The invention is particularly useful in an operating system with a well having a drilling fluid circulating within a closed loop system. The closed loop is generated by a seal around the drill pipe at surface using a pressure containment device, diverting all returned flow to a flow line. These are referred to as a rotating control head (RCD or RCH), pressure control while drilling (PCWD) or rotating blow out preventer (RBOP). The function of the rotating pressure containment device is to allow the drill string and its tool joints to pass through with reciprocation/stripping or rotation. With drilling activity in progress and the device closed a back pressure is created on the annulus. The drill string is stripped or rotated through the sealing element(s) pressure containment device which isolates the pressurized annulus from the external atmosphere while maintaining a pressure seal around the drill pipe. All are standard equipment that are commercially available or readily adaptable from existing designs on the market and are well known in the art.

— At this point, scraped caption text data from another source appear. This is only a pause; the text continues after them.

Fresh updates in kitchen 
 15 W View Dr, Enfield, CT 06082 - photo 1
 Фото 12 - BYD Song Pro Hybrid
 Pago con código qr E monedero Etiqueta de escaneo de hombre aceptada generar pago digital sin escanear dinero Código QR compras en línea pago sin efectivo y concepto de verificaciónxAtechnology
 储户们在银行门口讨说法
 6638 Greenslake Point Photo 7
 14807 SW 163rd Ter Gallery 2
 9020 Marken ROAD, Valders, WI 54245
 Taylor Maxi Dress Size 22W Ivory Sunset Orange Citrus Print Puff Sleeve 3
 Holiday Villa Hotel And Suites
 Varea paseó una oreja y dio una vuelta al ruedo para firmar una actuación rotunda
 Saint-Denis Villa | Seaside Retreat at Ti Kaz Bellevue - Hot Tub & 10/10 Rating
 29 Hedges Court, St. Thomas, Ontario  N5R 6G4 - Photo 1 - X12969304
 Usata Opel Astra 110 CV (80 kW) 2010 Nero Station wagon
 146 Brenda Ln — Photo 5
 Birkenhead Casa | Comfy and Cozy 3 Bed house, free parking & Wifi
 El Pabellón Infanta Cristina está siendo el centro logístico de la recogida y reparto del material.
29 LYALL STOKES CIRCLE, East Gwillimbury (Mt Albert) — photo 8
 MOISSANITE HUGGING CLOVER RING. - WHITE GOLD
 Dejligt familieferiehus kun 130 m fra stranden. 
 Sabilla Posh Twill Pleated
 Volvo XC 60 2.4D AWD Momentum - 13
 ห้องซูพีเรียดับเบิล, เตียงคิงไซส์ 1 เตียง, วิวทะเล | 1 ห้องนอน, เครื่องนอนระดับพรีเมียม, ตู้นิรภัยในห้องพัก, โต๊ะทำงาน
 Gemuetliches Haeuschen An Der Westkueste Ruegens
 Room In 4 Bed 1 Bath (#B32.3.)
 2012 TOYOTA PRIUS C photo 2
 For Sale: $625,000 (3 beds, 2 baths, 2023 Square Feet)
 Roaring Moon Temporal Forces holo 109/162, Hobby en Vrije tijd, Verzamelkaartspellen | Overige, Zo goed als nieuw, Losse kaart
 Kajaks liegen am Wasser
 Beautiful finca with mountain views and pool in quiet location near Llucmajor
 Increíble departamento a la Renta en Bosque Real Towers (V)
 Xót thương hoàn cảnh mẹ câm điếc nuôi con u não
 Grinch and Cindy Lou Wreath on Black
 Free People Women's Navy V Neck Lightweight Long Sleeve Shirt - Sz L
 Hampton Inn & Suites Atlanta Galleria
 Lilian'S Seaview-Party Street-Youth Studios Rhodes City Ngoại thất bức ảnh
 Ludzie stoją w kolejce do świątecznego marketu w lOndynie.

A typical sealing element in existing pressure containment designs includes an elastomer or rubber packing/sealing element and a bearing assembly that allows the sealing element to rotate along with the drill string. There is no rotational movement between the drill string and the sealing element, and only the bearing assembly exhibits the rotational movement during drilling. These are well known in the art and are described in detail in Patents U.S. Pat. No. 7,699,109B2, U.S. Pat. No. 7,926,560, and U.S. Pat. No. 6,129,152.
An alternative pressure containment device is disclosed in WO2011128690 and WO2012127227. This device includes a combined non-elastomeric and elastomeric sealing element, referred to as the seal sleeve, which does not rotate with the drill string, i.e., it remains stationary while the drill string is rotated and reciprocated within the sealing face.
Drill string rotation and vertical movement wears out the sealing elements, and the passage of tool joints and larger OD tubulars causes the sealing element to expand and contract multiple times. Replacement requires the drilling operation to stop and therefore lowers the well performance, and the replacement frequency for sealing assemblies varies with wellbore pressure, temperature, fluid composition, and stripping/rotating frequency over the drilling and tripping phases. Therefore a wear monitoring system for the sealing elements will allow the wear rate to be examined over these varied conditions as the element degrades and reduces in thickness, indicating when the sealing element should be replaced. This results in a much safer and efficient operation on the drilling platform.
Additionally, there are hazards and risks associated with uncertainty in the degree of wear of the sealing element(s) in the housing. There are no indications that the sealing element is failing, and generally they leak when they fail while in operation. A consequential uncontrolled pressure release occurs, carrying with it drilling fluids, cuttings, and possibly gas into the working atmosphere of the rig. This poses both environmental and workplace hazards to personnel and equipment that could be eliminated if a wear monitoring system was in place.
Typically, a dual sealing arrangement for an RCD monitors the pressure between the two sealing elements. A pressure differential exists between the cavity of the sealing elements and the wellbore pressure below. It is known to monitor continuously the pressure between the elements, and when the pressure starts to increase, take this as a positive indicator that the lower sealing element is failing.
This method is not suitable for accurately monitoring the wear of the upper sealing element, however. Furthermore, there are no systems or methods for monitoring the wear occurring on the inner bore sealing area, nor the thickness of the sealing material remaining within a single element arrangement in the prior art. Detection is solely through visual leak paths through the sealing elements that will result in pressure releases to the atmosphere.